E quem tem tempo para ficar oprimido com tanta novidade na cidade?
 
Talvez só mesmo os rapazes natalenses, que perdiam feio para os americanos na hora da paquera. Os nativos eram formais, usavam terno e chapéu de palhinha. Já os estrangeiros, quando não estavam de uniforme, usavam camisas coloridas por fora da calça – sem "ensacar" como dizemos por aqui – e as mulheres achavam isso um charme.
 
Dona Guiomar lembra que os soldados também iam à Casa Rio comprar Chanel Nº 5, outro item escasso que fazia sucesso durante a guerra. E que isso deu margem para um golpe que ficou famoso na época: "tinha gente em Natal querendo dar uma de esperto.
 
Eles pegavam vidros de Chanel Nº 5 e dividiam em vários frascos. Completavam com outro perfume barato e vendiam para os americanos. Eles eram loucos por esse perfume, e compravam muito.

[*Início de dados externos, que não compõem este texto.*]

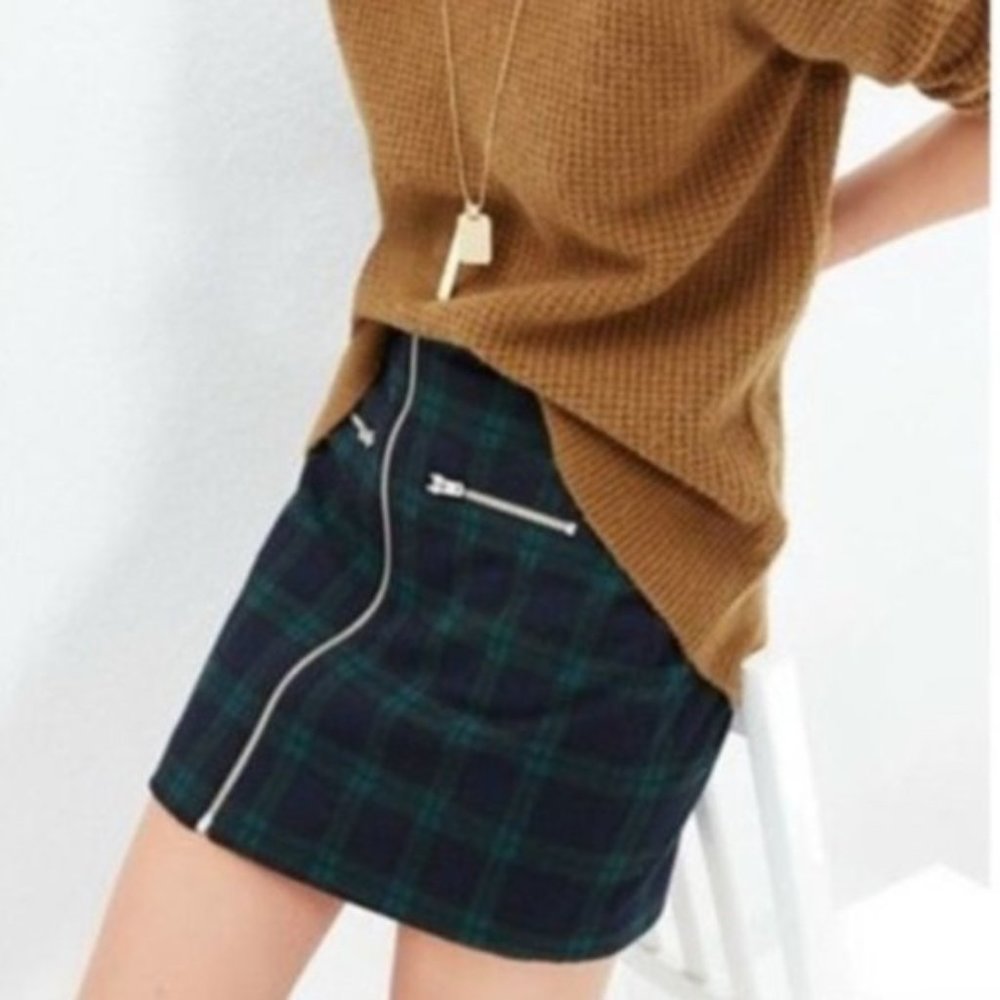 Madewell Blackwatch Zipper Skirt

Muitos caiam no golpe", conta.
 
 
 
Anúncio anterior à II Guerra, década de 30
 
 
Também foram os americanos que trouxeram os calções curtos de helanca para os banhos de mar em Ponta Negra e Areia Preta. Antes disso, os rapazes natalenses usavam calções compridos na praia.
 
As moças passaram a querer usar maiô aberto nas costas, como as atrizes de Hollywood e as pin-ups dos calendários.
 
Mas por aqui a vigilância dos pais ainda era severa, e as mães geralmente cobriam as costas do maiô com uma peça de croché.
 
 
Foi a época também em que as mulheres começaram a usar calças compridas à la Marlene Dietrich. Só as solteiras usavam, não ficava bem para uma mãe de família andar de calças por aí.
 
E as moças que usavam eram "mal faladas".
 
 
 
 
Marlene Dietrich, a musa de calças compridas
 
 
Os cabelos eram cacheados com bobs, as moças perdiam horas ondulandos os fios. Apesar do racionamento de tecidos no resto do mundo ter feito as saias minguarem, por aqui elas ainda eram rodadas. Ideais para balançar e rodopiar nos bailes do América.

Há estudos que defendem que nem tudo foram flores nesse período. Os preços por exemplo subiram vertiginosamente. Havia muito dólar circulando, e o comércio cobrava como se todos tivessem o mesmo rendimento dos americanos, quando na realidade a cidade era, de uma forma geral, muito pobre.
 
Mesmo assim, a maioria das pessoas que viveu aquela época a lembra com saudosismo, como uma época de ouro da cidade.
 
Talvez porque, em termos de moda e estética, Natal era uma bolha de glamour num mundo castigado pelo racionamento. Não faltava meia-calça nem Chanel Nº 5, mesmo que a maioria da população não tivesse o hábito de usar nem um nem outro.